B . les Relations entre Convention de Bruxelles, Convention de Lugano et Convention de la Haye.

Les relations entre Convention de Bruxelles, Convention de Lugano et Convention de la Haye passent par une analyse de leur clause de compatibilité. Les clauses de compatibilité stricto sensu empêchent prima facie la concurrence d’autres critères permettant de résoudre un conflit de conventions. Quand une clause de compatibilité, comme celle de l’article 23 de la Convention de la haye, permet l’application d’autres conventions, la véritable portée de la clause se détache de son analyse logique et de la comparaison des textes applicables. La jurisprudence comparée ainsi qu’une partie de la doctrine pensent que cet analyse logique de la compatibilité entre Convention de Bruxelles et Convention de la Haye doit se traduire par la possibilité pour le créancier d’aliments de demander l’application de la convention qui lui est favorable. Si l’on suit cet analyse, face à un conflit de normes, les juges devront toujours appliquer la norme la plus favorable à la reconnaissance de la décision, et ceci sans que les parties est besoin de le demander. Ceux-ci devront interpréter et appliquer ex officio la convention qui s’avère la plus favorable à la reconnaissance ou à l’exécution. D’autre part, contrairement au traitement donné aux conventions bilatérales, la Convention de la Haye n’a pas été neutralisée par la Convention de Bruxelles et de Lugano. Ces deux conventions prévoient la possibilité d’appliquer les conditions de reconnaissance et d’exécution prévues par la Convention de la Haye et pour la procédure, les dispositions contenues dans les Conventions de Bruxelles et de Lugano. Il y aurait donc une possible application cumulative de ces conventions.
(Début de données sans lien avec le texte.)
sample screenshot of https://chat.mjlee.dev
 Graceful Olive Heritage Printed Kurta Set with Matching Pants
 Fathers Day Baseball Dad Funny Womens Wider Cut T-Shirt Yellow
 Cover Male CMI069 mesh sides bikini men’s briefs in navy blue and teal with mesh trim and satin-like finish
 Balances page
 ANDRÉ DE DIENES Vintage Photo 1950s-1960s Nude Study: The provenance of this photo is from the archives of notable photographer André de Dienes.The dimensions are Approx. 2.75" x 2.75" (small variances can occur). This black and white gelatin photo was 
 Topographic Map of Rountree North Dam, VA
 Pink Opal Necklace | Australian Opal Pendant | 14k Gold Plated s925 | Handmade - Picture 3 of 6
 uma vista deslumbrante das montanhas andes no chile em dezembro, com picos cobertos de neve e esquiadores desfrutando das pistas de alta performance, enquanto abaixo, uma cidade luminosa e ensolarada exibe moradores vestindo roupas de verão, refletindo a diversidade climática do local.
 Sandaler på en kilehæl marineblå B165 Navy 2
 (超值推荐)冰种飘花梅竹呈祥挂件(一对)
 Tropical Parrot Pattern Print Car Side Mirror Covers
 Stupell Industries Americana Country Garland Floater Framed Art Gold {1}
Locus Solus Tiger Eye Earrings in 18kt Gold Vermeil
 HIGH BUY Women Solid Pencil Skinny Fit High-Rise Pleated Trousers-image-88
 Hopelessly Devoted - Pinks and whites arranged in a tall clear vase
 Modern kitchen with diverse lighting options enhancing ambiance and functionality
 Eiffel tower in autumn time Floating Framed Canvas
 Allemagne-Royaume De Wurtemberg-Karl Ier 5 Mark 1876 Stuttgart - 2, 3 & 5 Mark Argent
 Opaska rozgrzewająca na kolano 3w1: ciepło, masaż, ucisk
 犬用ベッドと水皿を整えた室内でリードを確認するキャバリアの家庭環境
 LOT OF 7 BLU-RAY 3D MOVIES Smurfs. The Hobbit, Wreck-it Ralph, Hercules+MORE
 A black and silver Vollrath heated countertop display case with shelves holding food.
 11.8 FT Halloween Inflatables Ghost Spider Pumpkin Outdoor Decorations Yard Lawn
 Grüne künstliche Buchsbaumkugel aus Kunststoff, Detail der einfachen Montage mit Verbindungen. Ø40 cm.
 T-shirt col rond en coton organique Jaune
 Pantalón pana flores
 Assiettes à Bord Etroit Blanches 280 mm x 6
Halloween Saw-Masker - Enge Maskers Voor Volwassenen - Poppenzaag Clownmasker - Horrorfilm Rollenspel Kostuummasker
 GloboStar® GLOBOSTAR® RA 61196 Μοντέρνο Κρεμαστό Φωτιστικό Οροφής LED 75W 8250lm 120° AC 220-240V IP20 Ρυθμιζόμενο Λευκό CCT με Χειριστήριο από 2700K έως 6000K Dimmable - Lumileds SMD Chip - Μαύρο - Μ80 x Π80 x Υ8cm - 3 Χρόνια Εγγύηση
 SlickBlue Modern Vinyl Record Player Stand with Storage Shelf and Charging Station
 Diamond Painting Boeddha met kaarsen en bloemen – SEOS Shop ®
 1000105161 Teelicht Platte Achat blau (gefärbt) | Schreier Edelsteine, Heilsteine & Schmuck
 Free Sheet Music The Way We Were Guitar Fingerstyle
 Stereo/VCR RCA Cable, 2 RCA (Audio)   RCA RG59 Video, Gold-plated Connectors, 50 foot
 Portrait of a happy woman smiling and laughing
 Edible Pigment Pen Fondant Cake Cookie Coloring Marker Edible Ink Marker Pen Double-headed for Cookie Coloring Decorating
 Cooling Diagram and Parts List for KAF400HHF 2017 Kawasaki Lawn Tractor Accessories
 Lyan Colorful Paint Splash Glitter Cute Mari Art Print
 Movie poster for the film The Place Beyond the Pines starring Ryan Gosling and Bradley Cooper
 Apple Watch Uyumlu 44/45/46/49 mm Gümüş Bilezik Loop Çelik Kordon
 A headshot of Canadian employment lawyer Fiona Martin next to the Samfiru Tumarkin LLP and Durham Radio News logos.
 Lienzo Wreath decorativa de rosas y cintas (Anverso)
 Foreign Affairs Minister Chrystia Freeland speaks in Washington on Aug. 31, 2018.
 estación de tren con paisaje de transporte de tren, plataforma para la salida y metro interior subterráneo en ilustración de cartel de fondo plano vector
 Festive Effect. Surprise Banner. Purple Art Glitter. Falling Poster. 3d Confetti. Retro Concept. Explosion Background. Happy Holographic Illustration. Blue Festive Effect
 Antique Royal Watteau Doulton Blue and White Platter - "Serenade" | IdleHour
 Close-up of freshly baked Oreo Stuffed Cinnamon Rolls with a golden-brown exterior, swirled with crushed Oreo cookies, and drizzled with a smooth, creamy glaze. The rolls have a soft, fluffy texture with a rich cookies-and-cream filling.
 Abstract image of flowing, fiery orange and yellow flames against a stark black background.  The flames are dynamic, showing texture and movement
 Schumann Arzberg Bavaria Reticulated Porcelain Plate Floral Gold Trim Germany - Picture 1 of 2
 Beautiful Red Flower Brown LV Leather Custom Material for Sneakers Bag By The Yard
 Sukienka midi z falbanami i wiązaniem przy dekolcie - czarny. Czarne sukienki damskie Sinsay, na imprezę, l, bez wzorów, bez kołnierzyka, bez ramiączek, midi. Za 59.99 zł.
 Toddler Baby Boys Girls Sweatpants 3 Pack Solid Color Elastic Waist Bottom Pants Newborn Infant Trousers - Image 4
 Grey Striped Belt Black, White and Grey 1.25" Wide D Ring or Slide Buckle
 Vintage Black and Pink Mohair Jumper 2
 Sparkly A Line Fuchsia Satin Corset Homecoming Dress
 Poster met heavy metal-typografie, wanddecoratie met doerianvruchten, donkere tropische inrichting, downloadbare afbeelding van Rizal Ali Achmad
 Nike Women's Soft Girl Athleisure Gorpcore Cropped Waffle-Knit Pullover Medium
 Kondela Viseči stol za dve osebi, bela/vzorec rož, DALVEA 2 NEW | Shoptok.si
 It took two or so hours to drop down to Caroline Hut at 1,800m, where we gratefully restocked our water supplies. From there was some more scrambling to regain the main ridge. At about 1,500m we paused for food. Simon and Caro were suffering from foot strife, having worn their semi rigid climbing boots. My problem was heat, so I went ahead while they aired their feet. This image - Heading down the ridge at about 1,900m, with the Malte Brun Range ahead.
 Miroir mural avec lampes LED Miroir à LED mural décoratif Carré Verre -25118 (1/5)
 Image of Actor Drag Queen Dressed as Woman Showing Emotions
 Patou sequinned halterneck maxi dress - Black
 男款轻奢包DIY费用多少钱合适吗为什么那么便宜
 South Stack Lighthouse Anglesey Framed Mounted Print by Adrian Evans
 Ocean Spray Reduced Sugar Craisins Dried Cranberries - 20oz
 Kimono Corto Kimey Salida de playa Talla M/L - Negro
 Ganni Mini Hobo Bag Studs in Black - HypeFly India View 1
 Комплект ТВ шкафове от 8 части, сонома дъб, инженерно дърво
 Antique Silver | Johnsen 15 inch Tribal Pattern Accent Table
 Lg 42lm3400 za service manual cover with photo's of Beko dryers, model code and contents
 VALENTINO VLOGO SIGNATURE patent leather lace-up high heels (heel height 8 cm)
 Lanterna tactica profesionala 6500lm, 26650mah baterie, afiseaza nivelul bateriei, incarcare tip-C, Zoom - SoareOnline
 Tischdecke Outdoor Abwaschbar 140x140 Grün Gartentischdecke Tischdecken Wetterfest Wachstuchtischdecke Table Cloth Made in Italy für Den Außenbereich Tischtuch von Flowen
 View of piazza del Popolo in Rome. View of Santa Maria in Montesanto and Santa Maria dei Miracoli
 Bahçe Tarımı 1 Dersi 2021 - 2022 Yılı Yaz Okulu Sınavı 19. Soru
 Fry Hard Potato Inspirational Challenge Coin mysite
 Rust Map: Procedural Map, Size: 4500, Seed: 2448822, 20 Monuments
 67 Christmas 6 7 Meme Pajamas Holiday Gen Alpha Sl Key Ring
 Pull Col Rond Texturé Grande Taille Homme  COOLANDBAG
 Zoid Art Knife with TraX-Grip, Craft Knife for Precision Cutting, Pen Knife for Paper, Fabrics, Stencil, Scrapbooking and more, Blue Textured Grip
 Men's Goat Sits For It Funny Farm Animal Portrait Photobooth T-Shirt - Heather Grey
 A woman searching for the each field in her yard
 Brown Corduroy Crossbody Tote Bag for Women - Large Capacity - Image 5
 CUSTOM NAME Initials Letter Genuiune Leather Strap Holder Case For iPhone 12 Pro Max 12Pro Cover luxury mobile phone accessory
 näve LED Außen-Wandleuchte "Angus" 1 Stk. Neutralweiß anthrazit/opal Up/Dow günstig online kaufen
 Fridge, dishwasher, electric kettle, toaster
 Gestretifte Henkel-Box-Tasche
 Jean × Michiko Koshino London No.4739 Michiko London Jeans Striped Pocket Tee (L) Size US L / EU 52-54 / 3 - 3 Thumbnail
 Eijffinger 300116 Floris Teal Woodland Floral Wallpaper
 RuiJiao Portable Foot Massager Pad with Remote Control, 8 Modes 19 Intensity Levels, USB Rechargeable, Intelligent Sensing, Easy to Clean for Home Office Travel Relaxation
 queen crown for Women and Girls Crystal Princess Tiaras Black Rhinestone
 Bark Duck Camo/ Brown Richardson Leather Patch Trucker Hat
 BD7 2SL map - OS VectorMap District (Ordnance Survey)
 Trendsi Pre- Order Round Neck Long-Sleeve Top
C . Les Relations entre Convention de la Haye et la « Ley de Enjuiciamiento Civil espagnole »(LEC).

La majorité de la doctrine espagnole pensent que la norme conventionnelle prévaut toujours sur la norme de droit interne. Cependant, cette théorie peut être remise en question lorsque la norme de droit interne s’avère être plus favorable que la norme conventionnelle. Comme nous l’avons vu précédemment, le conflit de normes devrait se résoudre par l’application de la norme la plus favorable. Or, cette solution ne fait pas l’unanimité de la doctrine lorsque l’on est face à un conflit entre norme conventionnelle et norme interne. Certains auteurs pensent que les normes conventionnelles doivent toujours prévaloir sur les normes de droit interne même si elles sont moins favorables. D’autres, au contraire, pensent que le principe d’efficacité maximum appliqué au favor executionis ne distinguera pas. La solution la plus fréquemment adoptée voudrait que le favor recognitionis ne soit mis en œuvre que lorsqu’on est face à un conflit de conventions mais non entre normes conventionnelles et normes de droit interne. Ceci réduit la portée du favor recognitionis. Opter pour une extension plus ou moins large du favor recognitionis peut mener à la mise en place d’un régime juridique ad hoc, c'est-à-dire celui d’opter pour la combinaison des normes conventionnelles et des normes de droit interne objet du conflit, ou bien, au contraire, opter pour l’application intégrale de l’une de ces normes. Cette dernière solution est celle retenue par la majorité de la doctrine.

Par conséquent, nous sommes face à un système hybride dans lequel il n’existe pas de solution exacte. Cette caractéristique du droit international privé favorise l’insécurité juridique en faisant dépendre la solution du juge de l’Etat requis.

	Ainsi, il est nécessaire de continuer à unifier les règles de droit international privé afin d’éviter ces incertitudes de solutions.